_Problem_
Exactly reproduce the lines from the line bearing "Led by Younger" through the end of the listing, inclusive of both; pictures are to be omitted.
[Supplied material — start]
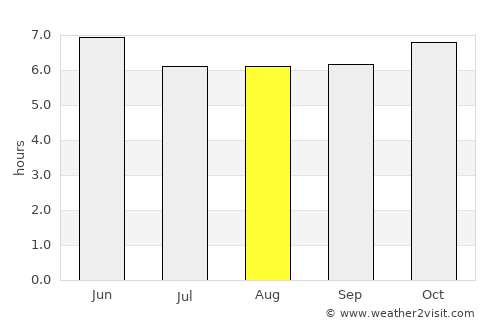 Corcuera average rain in August
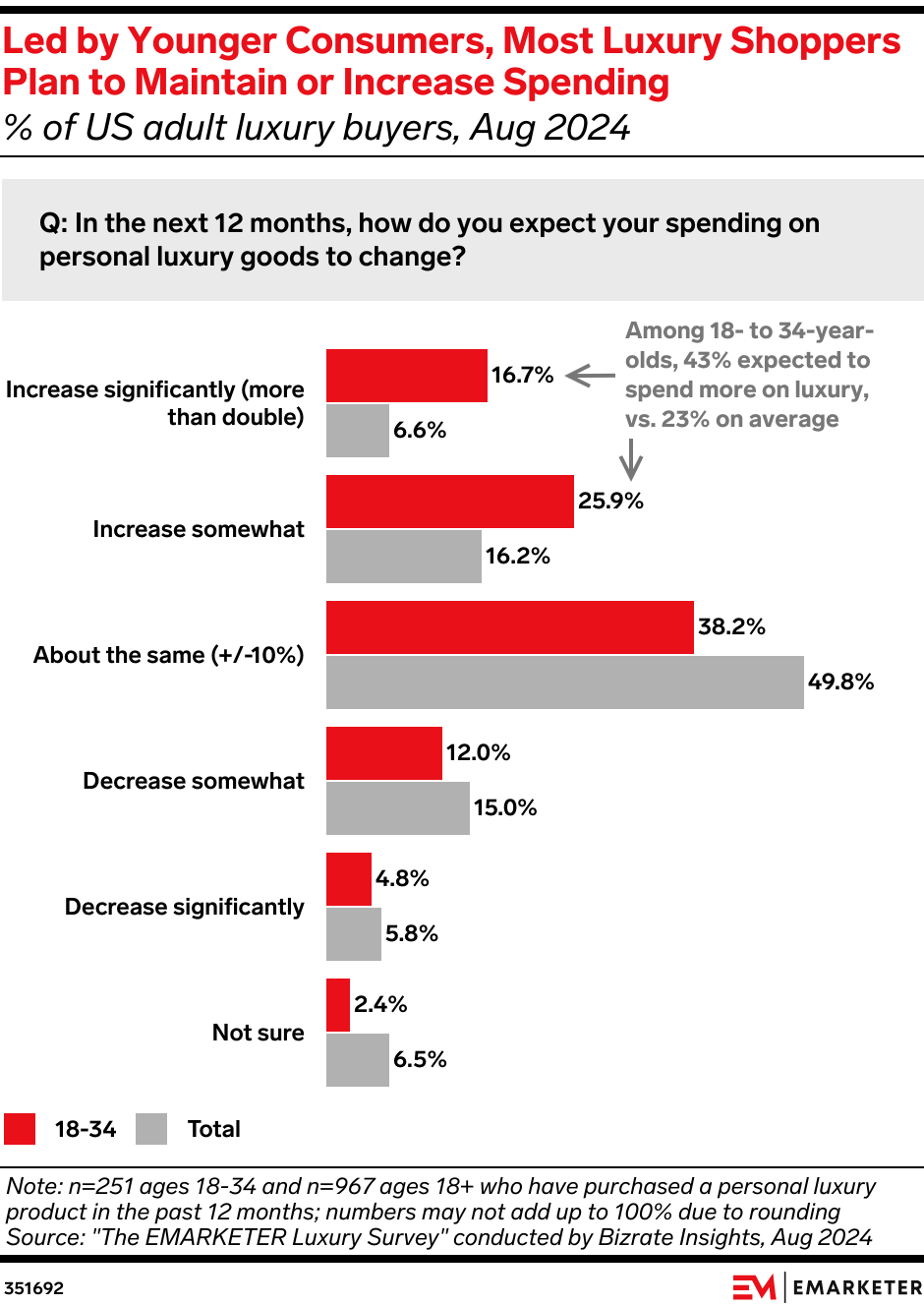 Led by Younger Consumers, Most Luxury Shoppers Plan to Maintain or Increase Spending (% of US adult luxury buyers, Aug 2024)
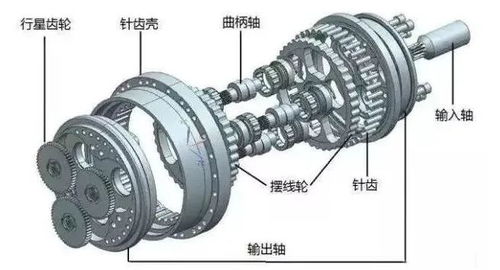 進(jìn)退維谷 減速器廠商2020年有望迎來(lái)英雄時(shí)代——聚焦B系列擺線針輪減速機(jī)的機(jī)遇與挑戰(zhàn)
[Supplied material — finish]
_Finished task_
 Led by Younger Consumers, Most Luxury Shoppers Plan to Maintain or Increase Spending (% of US adult luxury buyers, Aug 2024)
 進(jìn)退維谷 減速器廠商2020年有望迎來(lái)英雄時(shí)代——聚焦B系列擺線針輪減速機(jī)的機(jī)遇與挑戰(zhàn)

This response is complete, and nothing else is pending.